On Thu, Jun 10, 2010 at 11:30 AM, Anthony Laverty
<anthonylav@googlemail.com> wrote:
> Hi Austin
>
> That's helpful, thanks, and good points about my memory considerations
> and perhaps using a log scale
>
> Unfortunately, what i really want to be able to do is choose a group
> of hospitals (say 15) which are closest in Euclidean distance terms to
> hospital A over all months, rather than just the one closest hospital.

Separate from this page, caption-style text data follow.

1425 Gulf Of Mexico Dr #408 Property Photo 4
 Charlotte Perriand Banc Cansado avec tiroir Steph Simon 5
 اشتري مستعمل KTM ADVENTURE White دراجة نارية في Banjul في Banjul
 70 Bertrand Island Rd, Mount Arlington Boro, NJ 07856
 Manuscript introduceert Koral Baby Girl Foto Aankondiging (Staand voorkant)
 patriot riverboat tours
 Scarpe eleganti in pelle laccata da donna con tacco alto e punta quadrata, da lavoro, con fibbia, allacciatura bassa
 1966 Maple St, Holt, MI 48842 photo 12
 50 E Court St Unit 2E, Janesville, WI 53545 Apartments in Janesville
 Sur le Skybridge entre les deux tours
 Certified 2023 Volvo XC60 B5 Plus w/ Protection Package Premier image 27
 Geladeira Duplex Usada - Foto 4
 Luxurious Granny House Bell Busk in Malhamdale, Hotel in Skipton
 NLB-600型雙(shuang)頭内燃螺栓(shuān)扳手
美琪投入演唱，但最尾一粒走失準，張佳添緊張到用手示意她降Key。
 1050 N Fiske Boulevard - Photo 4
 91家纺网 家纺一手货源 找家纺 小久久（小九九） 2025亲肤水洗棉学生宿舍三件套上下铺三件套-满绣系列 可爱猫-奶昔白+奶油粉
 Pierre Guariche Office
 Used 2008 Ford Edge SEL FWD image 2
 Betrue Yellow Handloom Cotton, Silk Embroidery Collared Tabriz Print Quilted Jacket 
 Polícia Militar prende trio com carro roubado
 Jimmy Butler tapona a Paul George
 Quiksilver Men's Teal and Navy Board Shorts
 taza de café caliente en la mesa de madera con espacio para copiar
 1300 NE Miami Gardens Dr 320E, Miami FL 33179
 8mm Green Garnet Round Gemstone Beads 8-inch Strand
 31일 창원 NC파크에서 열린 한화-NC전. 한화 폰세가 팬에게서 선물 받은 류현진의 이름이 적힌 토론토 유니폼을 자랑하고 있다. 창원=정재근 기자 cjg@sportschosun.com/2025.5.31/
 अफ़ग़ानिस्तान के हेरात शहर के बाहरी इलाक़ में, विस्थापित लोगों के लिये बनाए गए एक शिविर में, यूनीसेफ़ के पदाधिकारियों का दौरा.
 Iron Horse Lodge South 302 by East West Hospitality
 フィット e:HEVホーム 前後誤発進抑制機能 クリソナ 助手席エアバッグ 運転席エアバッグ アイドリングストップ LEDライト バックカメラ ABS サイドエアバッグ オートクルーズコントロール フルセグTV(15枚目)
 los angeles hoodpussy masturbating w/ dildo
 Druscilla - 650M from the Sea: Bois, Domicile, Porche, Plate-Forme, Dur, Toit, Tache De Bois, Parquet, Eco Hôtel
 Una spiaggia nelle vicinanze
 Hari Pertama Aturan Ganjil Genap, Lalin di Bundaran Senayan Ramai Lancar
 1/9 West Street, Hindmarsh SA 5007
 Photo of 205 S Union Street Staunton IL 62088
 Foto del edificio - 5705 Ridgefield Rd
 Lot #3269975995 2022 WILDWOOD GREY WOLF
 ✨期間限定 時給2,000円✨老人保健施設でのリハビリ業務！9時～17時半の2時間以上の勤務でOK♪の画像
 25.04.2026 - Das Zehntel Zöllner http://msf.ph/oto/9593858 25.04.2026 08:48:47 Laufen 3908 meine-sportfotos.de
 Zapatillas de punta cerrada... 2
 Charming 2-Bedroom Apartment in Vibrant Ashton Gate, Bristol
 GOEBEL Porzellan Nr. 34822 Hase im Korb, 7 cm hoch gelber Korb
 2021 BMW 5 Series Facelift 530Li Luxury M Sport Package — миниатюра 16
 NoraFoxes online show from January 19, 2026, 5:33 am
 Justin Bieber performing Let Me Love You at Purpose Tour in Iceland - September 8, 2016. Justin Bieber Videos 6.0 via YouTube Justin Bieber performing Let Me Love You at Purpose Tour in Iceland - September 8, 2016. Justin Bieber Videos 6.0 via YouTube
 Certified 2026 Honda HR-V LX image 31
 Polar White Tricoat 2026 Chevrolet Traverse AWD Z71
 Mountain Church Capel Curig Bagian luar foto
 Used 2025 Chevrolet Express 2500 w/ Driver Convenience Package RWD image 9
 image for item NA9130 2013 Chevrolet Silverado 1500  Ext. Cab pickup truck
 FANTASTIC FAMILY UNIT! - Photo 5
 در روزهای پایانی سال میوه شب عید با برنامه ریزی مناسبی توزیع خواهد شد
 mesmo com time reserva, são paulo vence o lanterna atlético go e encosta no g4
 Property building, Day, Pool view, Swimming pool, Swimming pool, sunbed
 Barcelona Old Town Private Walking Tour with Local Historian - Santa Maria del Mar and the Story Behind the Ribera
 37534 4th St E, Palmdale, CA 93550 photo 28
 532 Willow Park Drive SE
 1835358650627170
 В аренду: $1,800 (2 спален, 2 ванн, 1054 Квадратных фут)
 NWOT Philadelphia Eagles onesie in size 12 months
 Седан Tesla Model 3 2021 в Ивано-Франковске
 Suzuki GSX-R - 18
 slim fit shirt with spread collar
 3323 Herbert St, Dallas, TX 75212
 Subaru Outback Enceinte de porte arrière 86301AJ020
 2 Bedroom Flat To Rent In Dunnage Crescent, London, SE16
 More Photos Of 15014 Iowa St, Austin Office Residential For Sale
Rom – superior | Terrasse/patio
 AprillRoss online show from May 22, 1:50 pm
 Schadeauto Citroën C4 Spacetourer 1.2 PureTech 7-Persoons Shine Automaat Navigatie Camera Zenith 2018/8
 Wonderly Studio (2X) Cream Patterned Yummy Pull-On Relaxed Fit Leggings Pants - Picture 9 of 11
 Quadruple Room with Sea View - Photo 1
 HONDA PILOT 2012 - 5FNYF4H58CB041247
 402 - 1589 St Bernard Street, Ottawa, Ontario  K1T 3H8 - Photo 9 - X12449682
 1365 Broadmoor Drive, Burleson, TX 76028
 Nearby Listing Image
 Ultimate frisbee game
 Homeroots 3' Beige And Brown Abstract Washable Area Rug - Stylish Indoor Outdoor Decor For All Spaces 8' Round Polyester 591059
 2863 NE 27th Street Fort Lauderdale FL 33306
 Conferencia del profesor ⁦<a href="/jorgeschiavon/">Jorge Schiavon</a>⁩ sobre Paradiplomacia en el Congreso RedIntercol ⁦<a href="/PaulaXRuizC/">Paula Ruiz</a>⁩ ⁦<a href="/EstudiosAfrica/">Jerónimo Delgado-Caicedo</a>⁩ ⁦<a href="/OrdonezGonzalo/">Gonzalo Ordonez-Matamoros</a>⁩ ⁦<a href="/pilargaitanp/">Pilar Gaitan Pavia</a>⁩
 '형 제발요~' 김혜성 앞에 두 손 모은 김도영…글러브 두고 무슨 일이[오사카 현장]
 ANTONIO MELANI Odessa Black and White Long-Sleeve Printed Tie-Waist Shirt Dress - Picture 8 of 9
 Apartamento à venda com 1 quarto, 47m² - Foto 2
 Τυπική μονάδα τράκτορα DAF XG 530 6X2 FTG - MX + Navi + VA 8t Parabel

> I was planning to aggregate these for the whole of the time period at
> the end, if that makes things any easier.
>
> In terms of more detail i'm not sure if it helps to say that this was
> relatively easy to work out in excel, using a different column for
> each time period; a row for each hospital and the number of patients
> for each time period in a table like this. Then, it was quite easy to
> work out the distances with the equation subtracting different
> hospitals' numbers from each other, using if statements to match on
> time. The new data i have is too big for Excel to do this, which is
> why i have turned to stata (and statalist)
>
> Thanks for your consideration
>
> Anthony
>
>
> On Thu, Jun 10, 2010 at 2:59 PM, Austin Nichols <austinnichols@gmail.com> wrote:
>> Anthony Laverty <anthonylav@googlemail.com> :
>> If you have N hospitals at T points in time, then you will have NTxN
>> squared distances in your variables, and if they are doubles you may
>> well run out of memory long before that, but if all you want is the
>> nearest hospital, then you want one variable per hospital giving the
>> identity of the nearest (over all months, you seem to suggest). You
>> might also want to compute distance on a log scale, or some other
>> metric. With more detail on your problem, you may get a better answer.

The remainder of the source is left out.